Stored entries
-------------------------

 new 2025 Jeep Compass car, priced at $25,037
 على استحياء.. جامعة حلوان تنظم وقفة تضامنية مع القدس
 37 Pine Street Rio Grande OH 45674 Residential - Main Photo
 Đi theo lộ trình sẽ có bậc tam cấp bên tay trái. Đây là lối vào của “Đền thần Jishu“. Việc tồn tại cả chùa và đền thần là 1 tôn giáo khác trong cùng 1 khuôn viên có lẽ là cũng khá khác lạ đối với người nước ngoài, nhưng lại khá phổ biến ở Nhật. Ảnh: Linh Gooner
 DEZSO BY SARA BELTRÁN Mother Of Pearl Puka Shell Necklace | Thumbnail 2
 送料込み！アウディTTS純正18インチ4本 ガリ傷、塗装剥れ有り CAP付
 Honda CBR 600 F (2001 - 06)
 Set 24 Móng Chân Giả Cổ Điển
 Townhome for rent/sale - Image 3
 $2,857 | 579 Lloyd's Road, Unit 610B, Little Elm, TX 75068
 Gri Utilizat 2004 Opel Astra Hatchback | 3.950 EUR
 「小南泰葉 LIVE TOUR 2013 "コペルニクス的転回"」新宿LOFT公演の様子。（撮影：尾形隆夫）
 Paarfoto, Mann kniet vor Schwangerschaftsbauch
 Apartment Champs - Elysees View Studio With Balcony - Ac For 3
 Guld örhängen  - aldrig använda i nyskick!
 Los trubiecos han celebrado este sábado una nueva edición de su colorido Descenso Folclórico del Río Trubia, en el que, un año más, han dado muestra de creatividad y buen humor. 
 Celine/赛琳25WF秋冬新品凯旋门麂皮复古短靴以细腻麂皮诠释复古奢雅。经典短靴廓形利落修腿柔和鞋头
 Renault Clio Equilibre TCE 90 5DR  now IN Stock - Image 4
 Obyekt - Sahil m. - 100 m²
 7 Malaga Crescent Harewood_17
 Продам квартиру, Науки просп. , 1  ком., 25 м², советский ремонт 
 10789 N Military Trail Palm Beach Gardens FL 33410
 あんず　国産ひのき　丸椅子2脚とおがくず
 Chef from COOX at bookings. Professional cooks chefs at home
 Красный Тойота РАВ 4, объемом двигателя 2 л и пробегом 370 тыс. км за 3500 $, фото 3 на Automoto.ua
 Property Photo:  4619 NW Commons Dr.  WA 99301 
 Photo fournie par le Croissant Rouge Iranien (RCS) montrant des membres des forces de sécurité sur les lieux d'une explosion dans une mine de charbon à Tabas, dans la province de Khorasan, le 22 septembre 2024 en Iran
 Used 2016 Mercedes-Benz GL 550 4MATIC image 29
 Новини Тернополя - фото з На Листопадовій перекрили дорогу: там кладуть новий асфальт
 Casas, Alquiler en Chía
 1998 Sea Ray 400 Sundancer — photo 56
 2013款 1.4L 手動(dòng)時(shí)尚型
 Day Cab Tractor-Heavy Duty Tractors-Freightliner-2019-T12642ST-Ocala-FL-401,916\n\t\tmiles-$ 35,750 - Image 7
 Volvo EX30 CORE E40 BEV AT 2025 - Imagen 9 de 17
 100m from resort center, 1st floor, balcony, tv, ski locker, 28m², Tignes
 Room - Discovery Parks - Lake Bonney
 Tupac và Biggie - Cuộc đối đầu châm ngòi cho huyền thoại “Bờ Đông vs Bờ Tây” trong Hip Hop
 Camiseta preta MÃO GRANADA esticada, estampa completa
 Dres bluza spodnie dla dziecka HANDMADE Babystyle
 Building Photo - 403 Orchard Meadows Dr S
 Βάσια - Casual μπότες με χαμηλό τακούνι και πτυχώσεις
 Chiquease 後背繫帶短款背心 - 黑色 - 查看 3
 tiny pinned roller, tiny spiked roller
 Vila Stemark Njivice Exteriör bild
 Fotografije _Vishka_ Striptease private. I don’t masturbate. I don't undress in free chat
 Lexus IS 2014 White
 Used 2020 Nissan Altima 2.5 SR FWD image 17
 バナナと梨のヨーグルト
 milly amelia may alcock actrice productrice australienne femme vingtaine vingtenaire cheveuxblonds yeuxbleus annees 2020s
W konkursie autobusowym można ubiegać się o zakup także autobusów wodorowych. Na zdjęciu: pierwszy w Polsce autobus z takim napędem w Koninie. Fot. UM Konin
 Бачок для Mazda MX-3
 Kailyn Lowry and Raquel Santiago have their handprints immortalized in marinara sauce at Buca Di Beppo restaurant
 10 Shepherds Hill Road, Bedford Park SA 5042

-------------------------

◆ **WHAT IS NEEDED**:
Only lines with the word "Road" are needed. Copy them from the preceding records.

◆ **WRITTEN ANSWER**:
 $2,857 | 579 Lloyd's Road, Unit 610B, Little Elm, TX 75068
 10 Shepherds Hill Road, Bedford Park SA 5042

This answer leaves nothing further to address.